What you need to do
Exact copy, no pictures: output each line below as it stands.

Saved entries
((

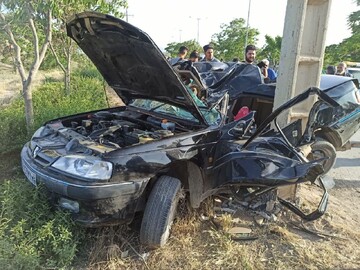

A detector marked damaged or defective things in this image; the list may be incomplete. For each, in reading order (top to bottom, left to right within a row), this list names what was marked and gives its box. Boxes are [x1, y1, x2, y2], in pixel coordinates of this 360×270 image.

broken headlight [51, 155, 112, 180]
shattered windshield [129, 98, 219, 124]
wrecked car [20, 12, 340, 249]
damaged car body [19, 12, 346, 249]
wrecked car [186, 62, 360, 174]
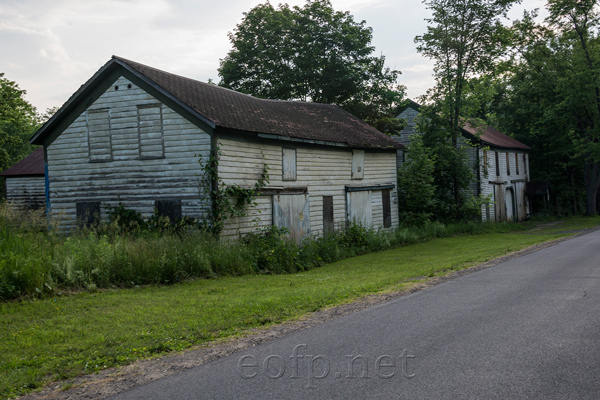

))

Written reply
A detector marked damaged or defective things in this image; the list may be incomplete. For each, in reading order (top to bottom, left to right within a row), this list names what was marked and gives its box. Boxes are [x1, y1, x2, y2], in pixel coordinates of this 360×270 image.

broken headlight [51, 155, 112, 180]
shattered windshield [129, 98, 219, 124]
wrecked car [20, 12, 340, 249]
damaged car body [19, 12, 346, 249]
wrecked car [186, 62, 360, 174]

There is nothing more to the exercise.